=== DATA SHOWN ===

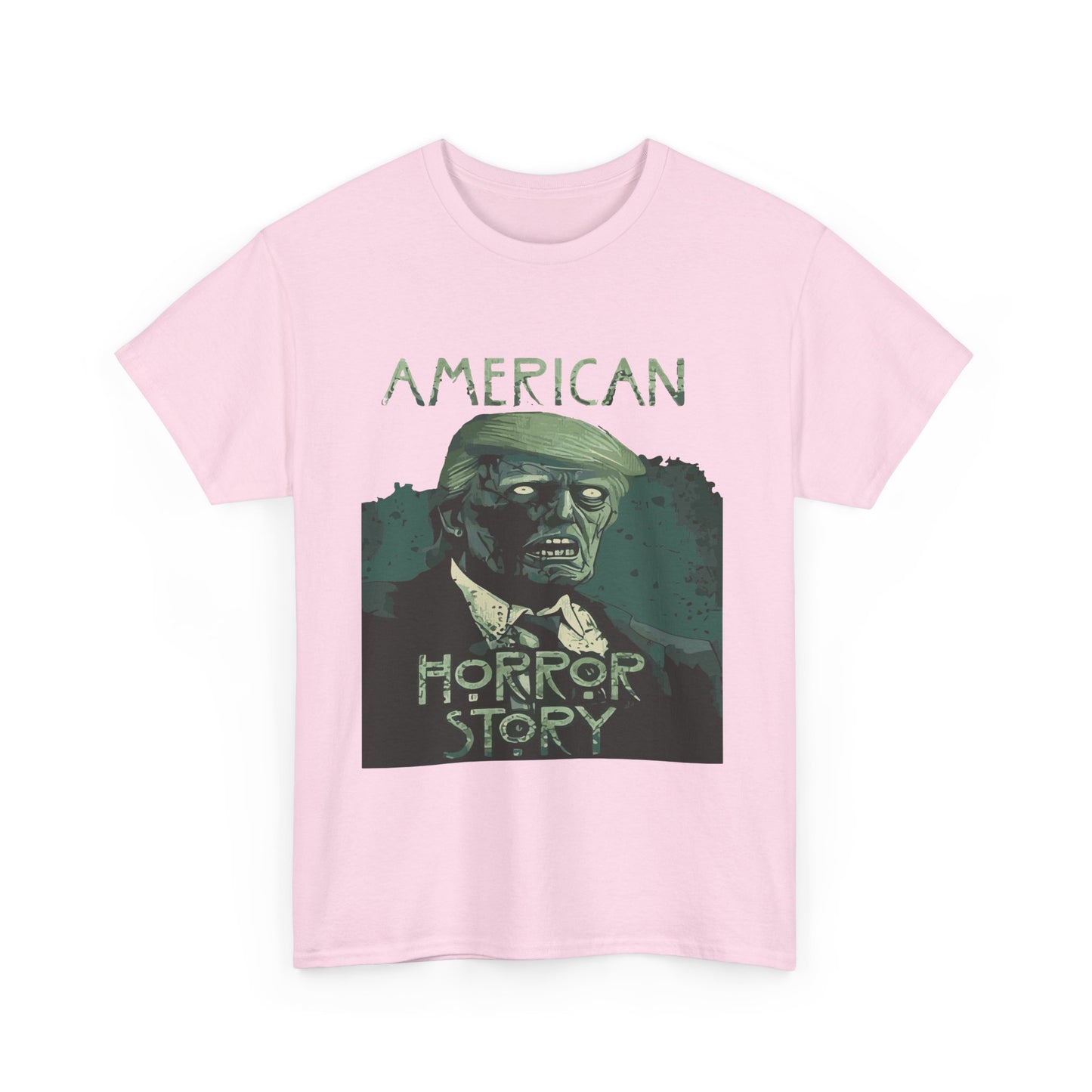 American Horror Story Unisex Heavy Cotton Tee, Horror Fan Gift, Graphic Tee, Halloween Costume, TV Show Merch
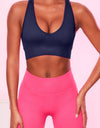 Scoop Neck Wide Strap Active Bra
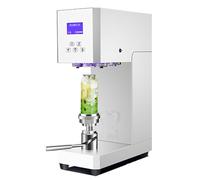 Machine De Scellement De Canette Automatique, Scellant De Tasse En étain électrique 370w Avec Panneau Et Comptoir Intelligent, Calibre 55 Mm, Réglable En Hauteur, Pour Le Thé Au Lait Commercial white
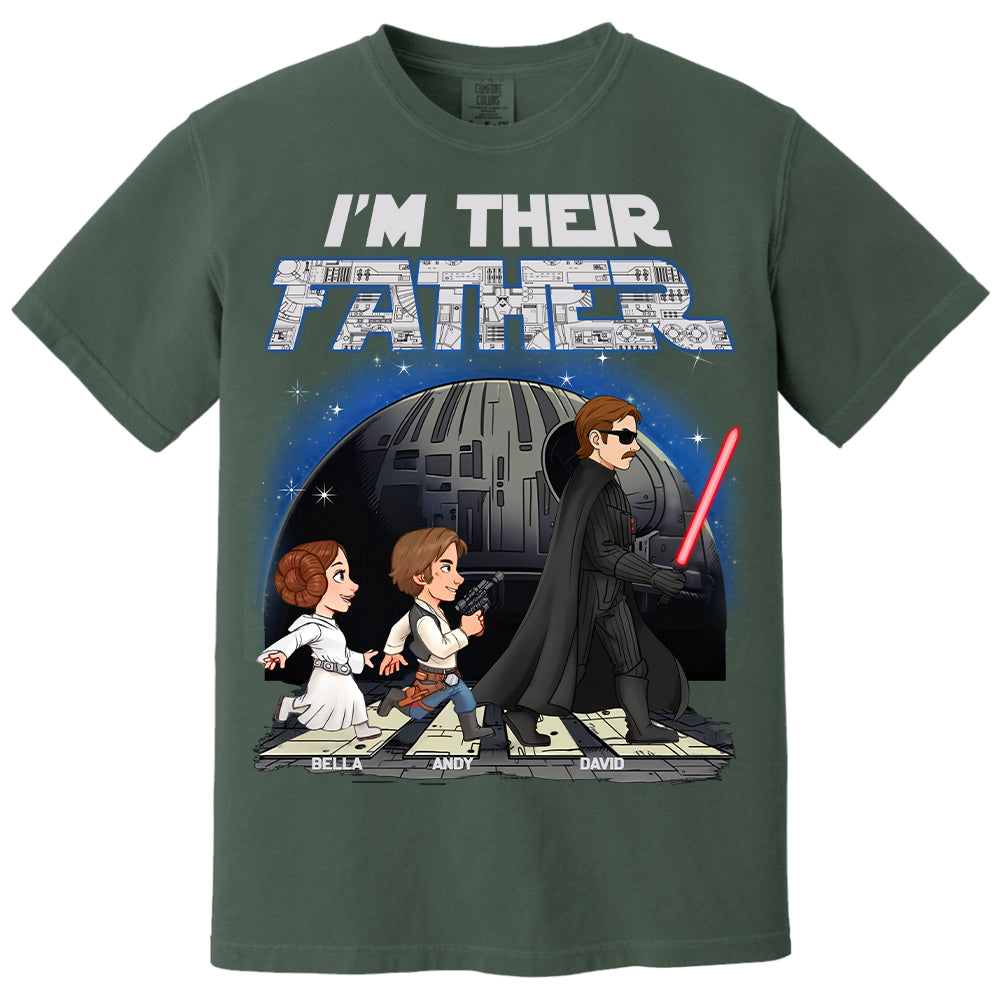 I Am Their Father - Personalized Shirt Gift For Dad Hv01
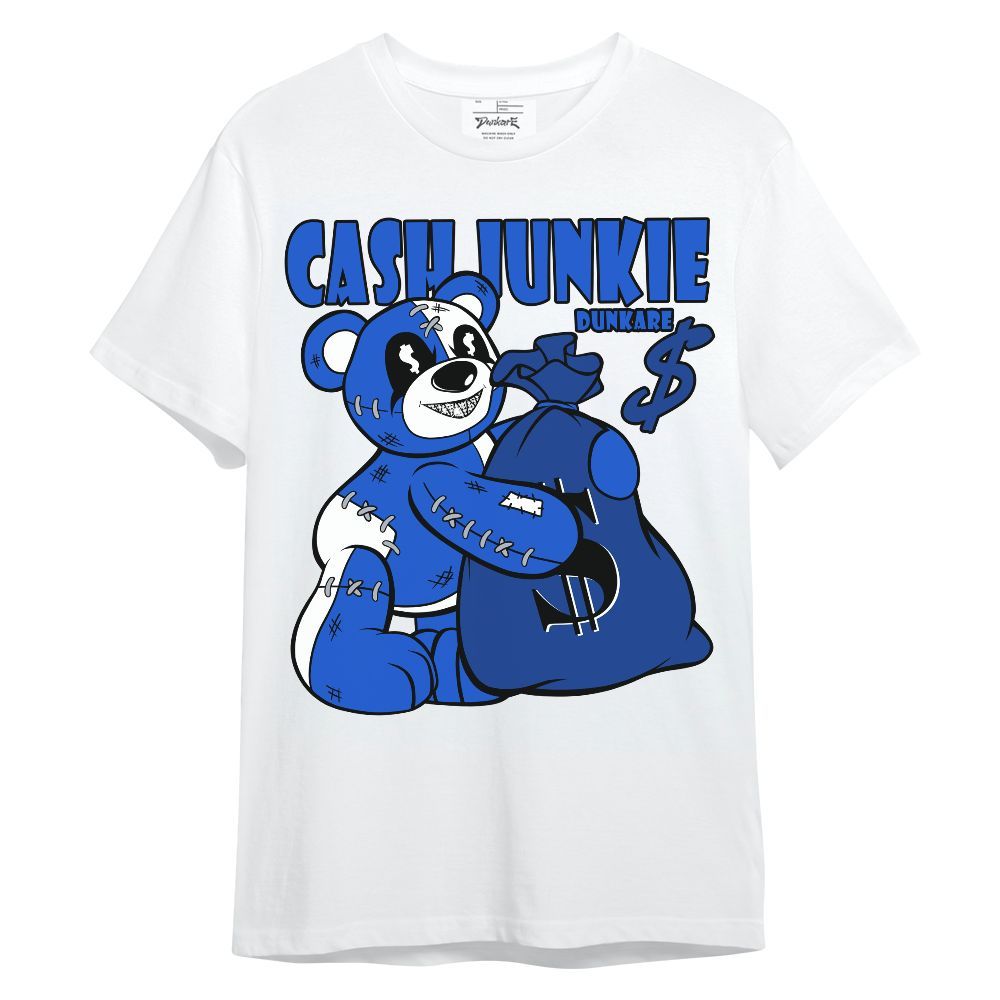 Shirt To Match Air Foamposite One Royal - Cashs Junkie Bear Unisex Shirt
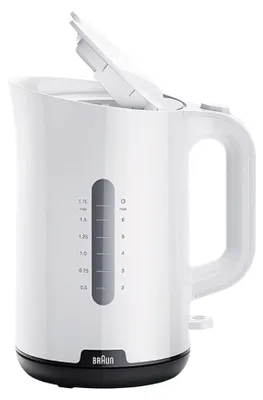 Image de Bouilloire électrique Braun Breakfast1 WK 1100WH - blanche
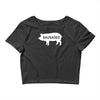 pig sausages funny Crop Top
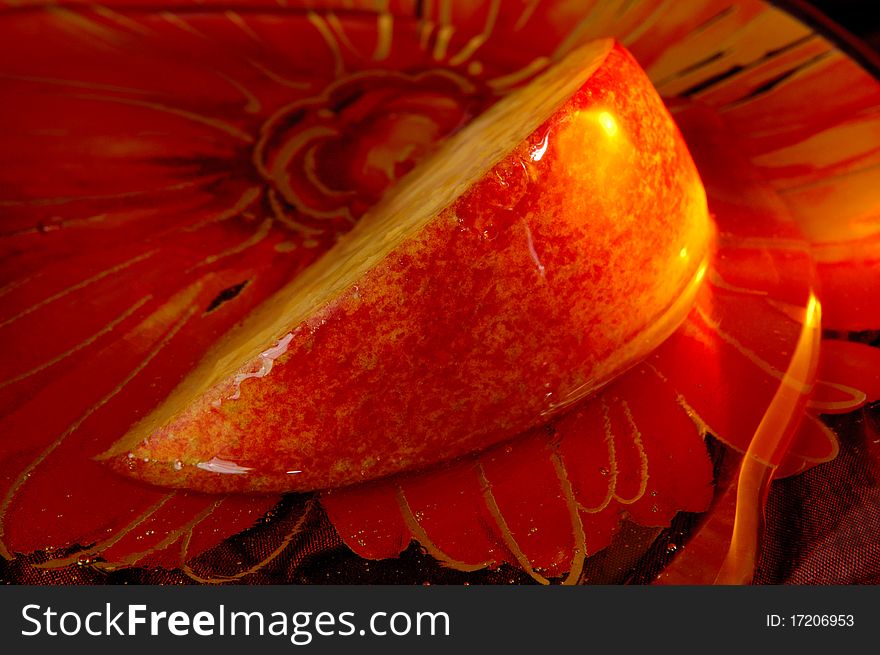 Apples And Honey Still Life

===

TASK:
Give the lines from the one containing "I Am Their Father" through the final line of the material again, exactly and in full, but without pictures.

FINISHED TASK:
 I Am Their Father - Personalized Shirt Gift For Dad Hv01
 Shirt To Match Air Foamposite One Royal - Cashs Junkie Bear Unisex Shirt
 Image de Bouilloire électrique Braun Breakfast1 WK 1100WH - blanche
 pig sausages funny Crop Top
 Apples And Honey Still Life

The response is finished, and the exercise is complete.